● TASK TO COMPLETE
After finding "春季传染病预防健康教育宣传栏" in the data, write out its line and all following lines without change, up to and including the last one. Leave out pictures.

[Brief descriptive captions]
*** Begin section ***
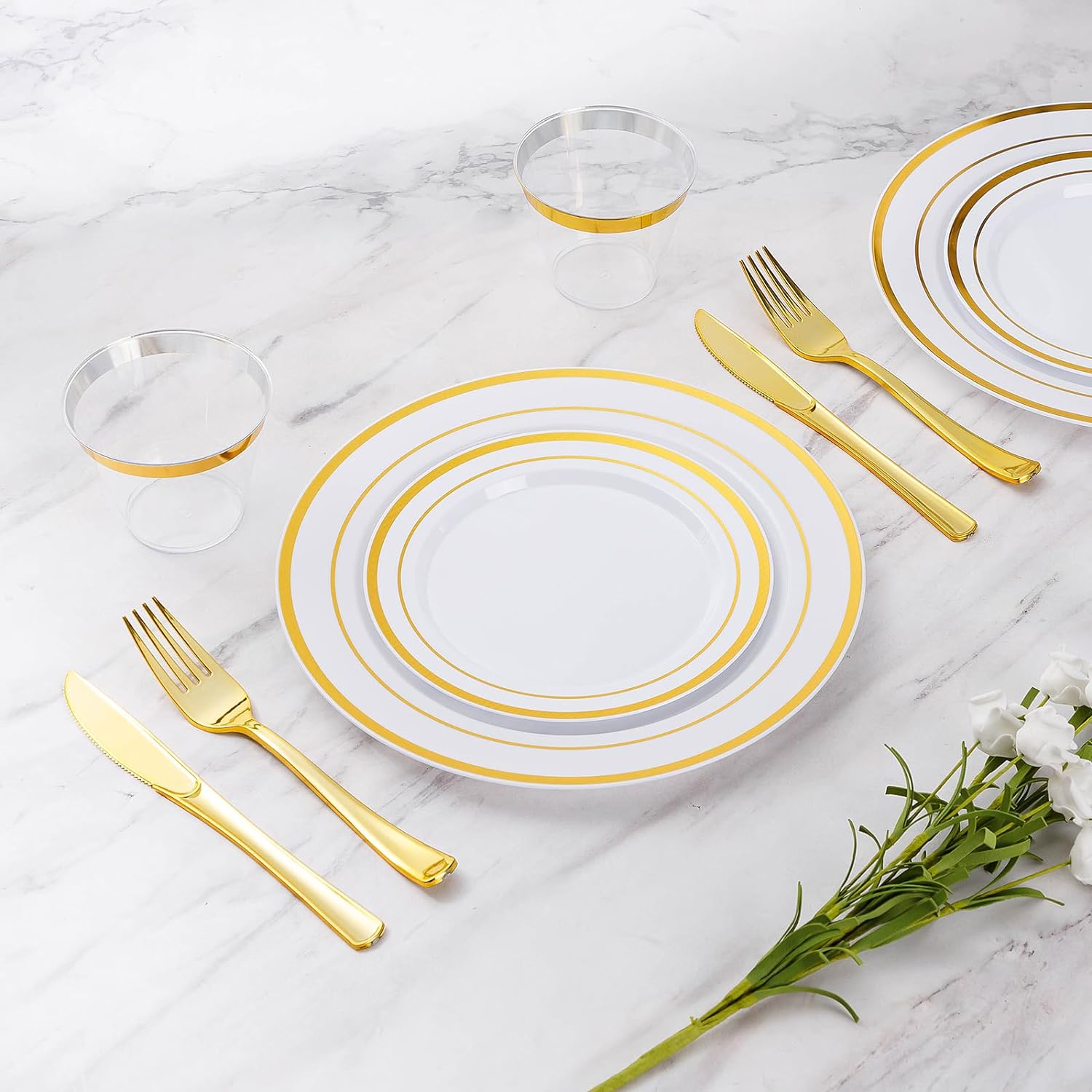 600 Piece Wedding Party Plates Disposable Dinnerware Set 100 Guests -100 Gold Plastic Plates, 100 Gold Salad Plates, 100 Gold Plastic Silverware Set, 100 Gold Plastic Cups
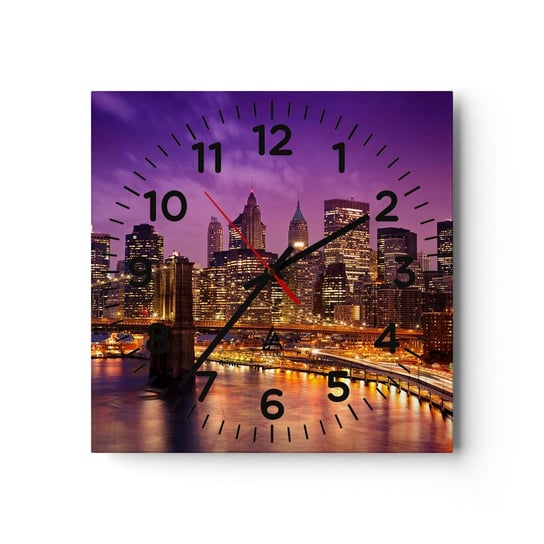 Zegar ścienny - Fioletowo-złoty Manhathann - 30x30cm - Miasto Nowy Jork Architektura - Kwadratowy zegar ścienny - Nowoczeny Stylowy Zegar do salonu do kuchni - Cichy i Modny zegar ARTTOR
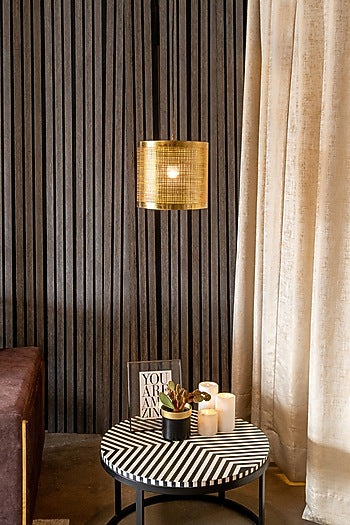Shiny Gold Prufen Cylindrical Pendant Light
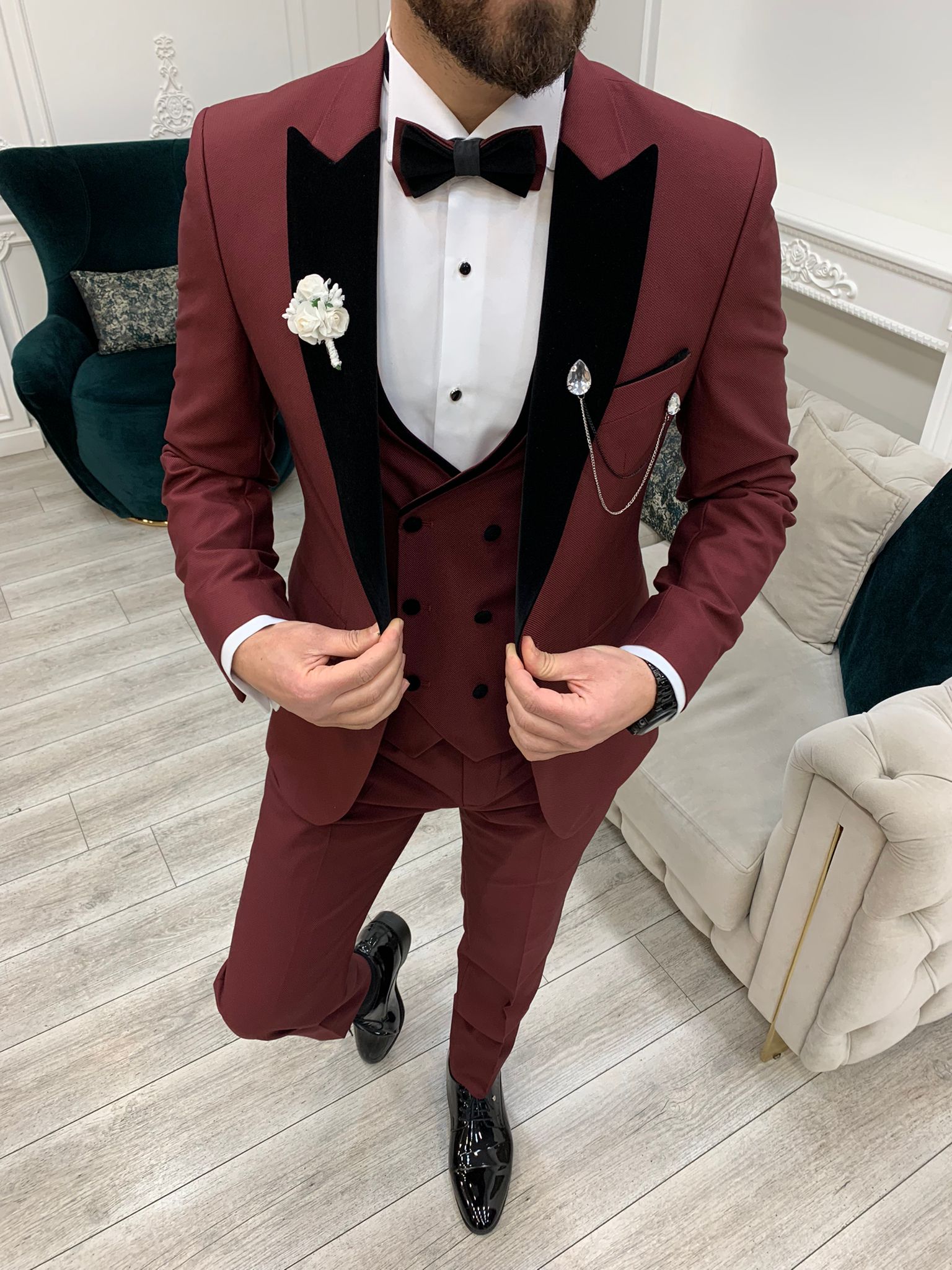 Bojoni Tishko Burgundy Velvet Slim Fit Tuxedo | BOJONI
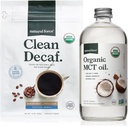 Natural Force Organic Clean Decaf Coffee + Organic MCT Oil Bundle - 100% Pure Coconut MCTS & Mold & Mycotaxin Free Coffee - Non-GMO, Keto, Paleo, dan Vegan - 12 Oz dan 16 Oz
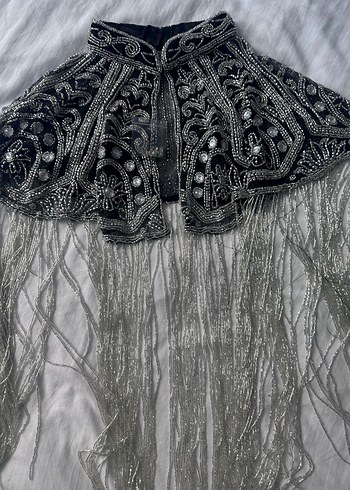 Gümüş taşlı ithal pelerin bolero - Görsel 2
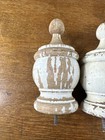Architectural Finial - Newel Post Top Lot Of 3 Chippy White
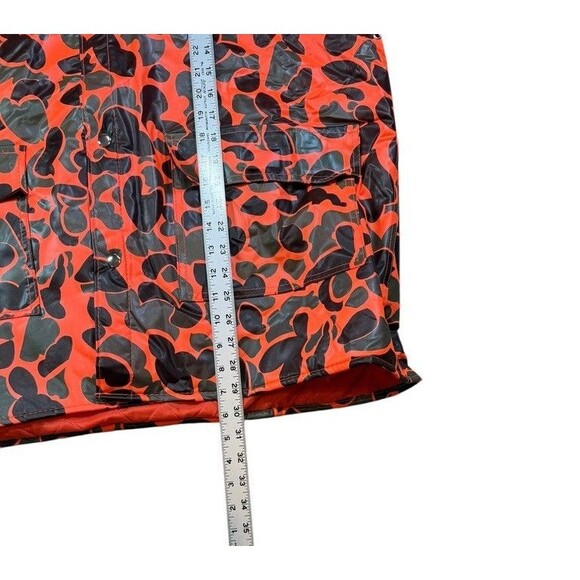 Vtg Lake N Trail Camo Hunting Jacket Mens Size XL Orange Vinyl Deer Quilted Rain - Picture 6 of 6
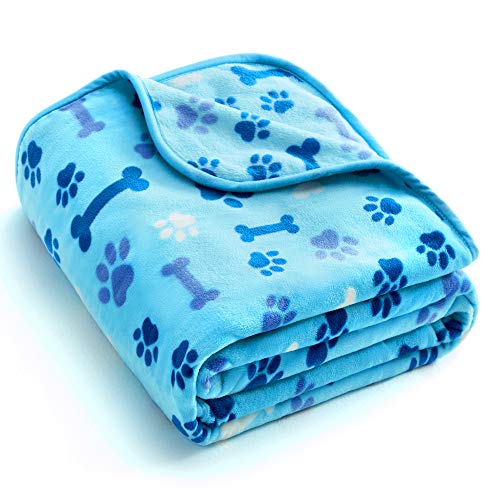 Allisandro Luxurious Dog Blanket, 350 GSM Super Fuzzy Microplush Fleece Pet Blankets for Small Medium Large Dogs and Cats, Blue Paw and Bone, 32" x 24"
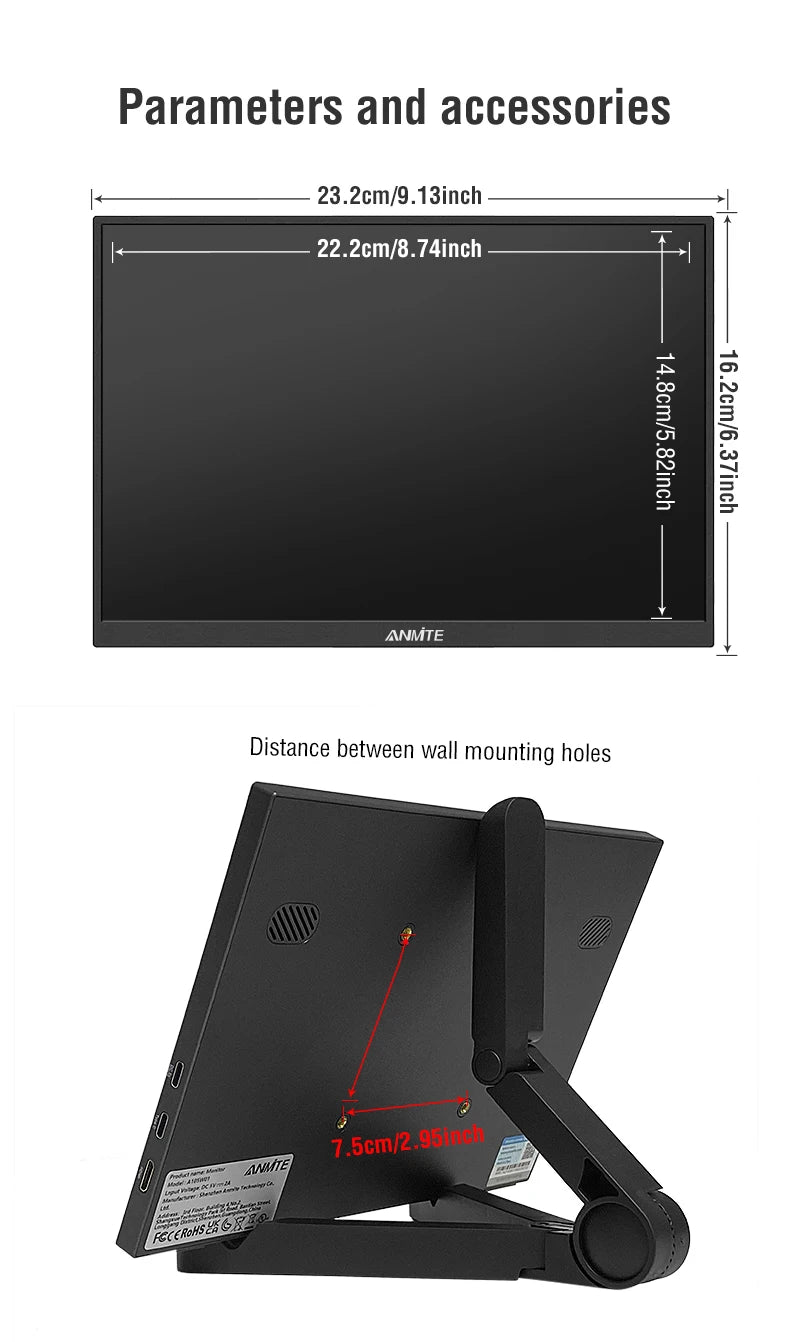 10.5" Portable Monitor 1920x1280 IPS HDR Gaming Display for Laptop & Console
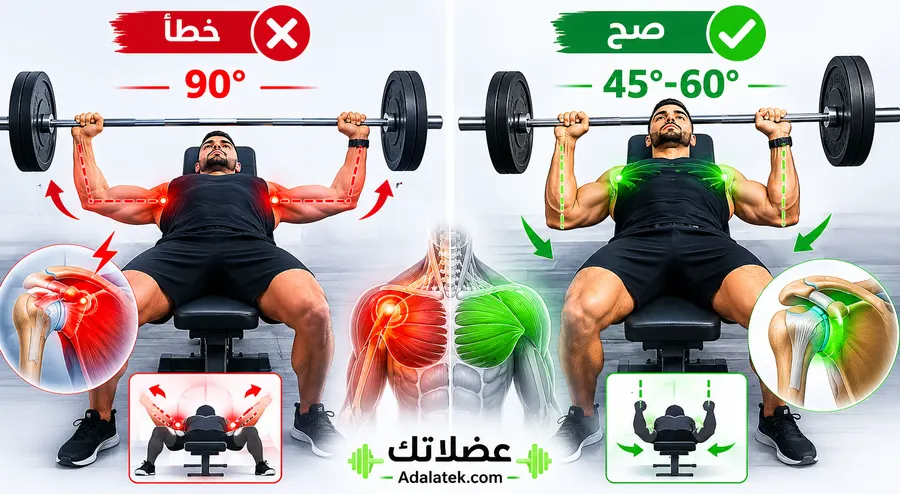 زاوية الكوع الصحيحة والخاطئة أثناء تمرين البنش بريس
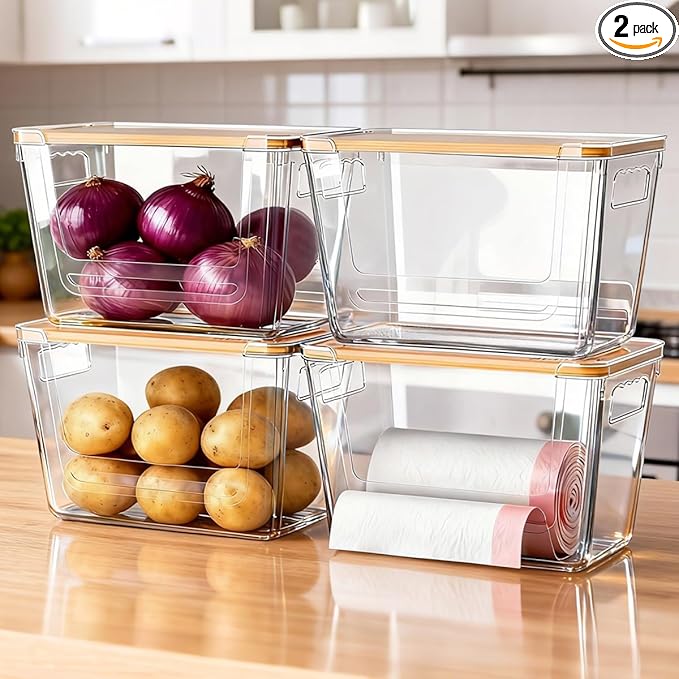 2 Pack Multi-Function Storage Boxes with Bamboo Lids, Trash Bag Organizer, Suitable for Organizing Kitchen, Cabinets, Under Sink, Laundry Room and Pantry (Clear, 2 Pack)
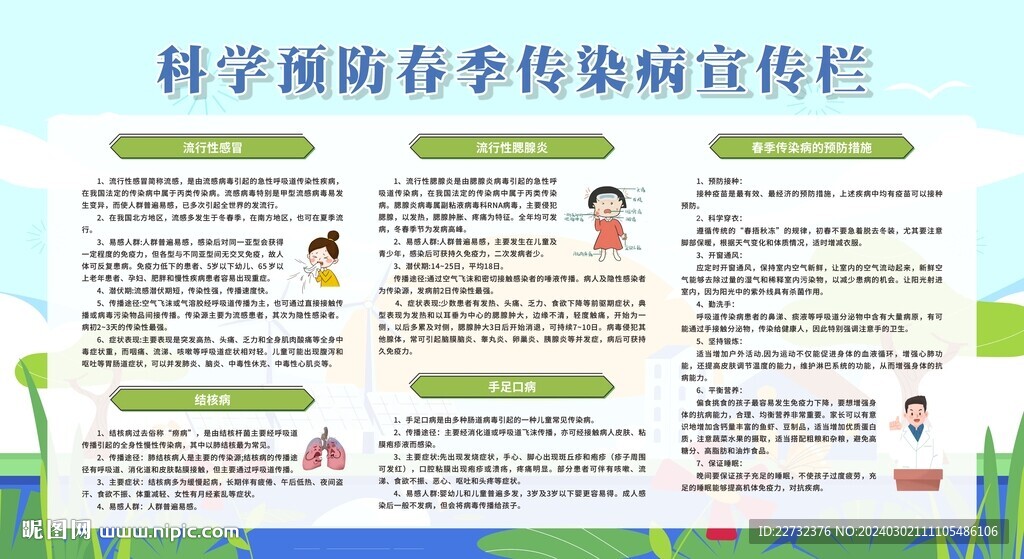 春季传染病预防健康教育宣传栏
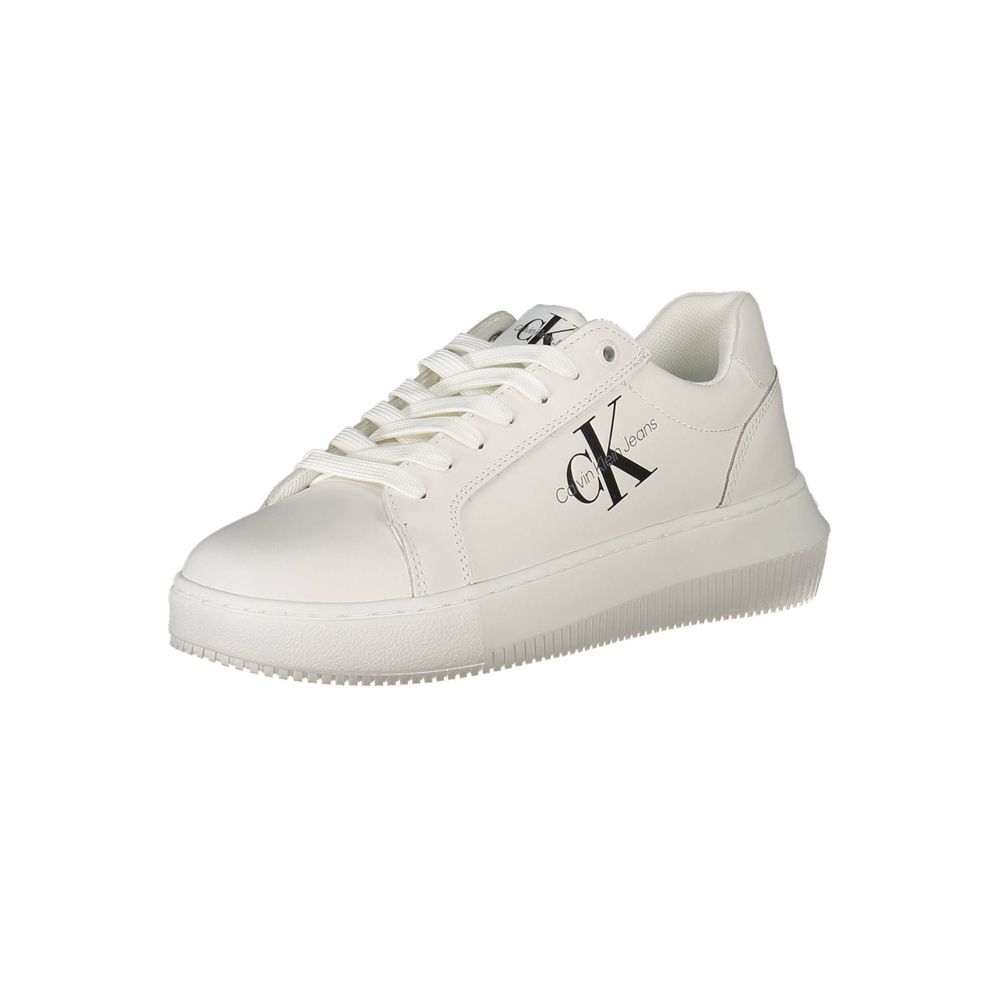 Calvin Klein Hvid Læder Dame Sneaker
*** End section ***
● RESULT OF THE EXERCISE
 春季传染病预防健康教育宣传栏
 Calvin Klein Hvid Læder Dame Sneaker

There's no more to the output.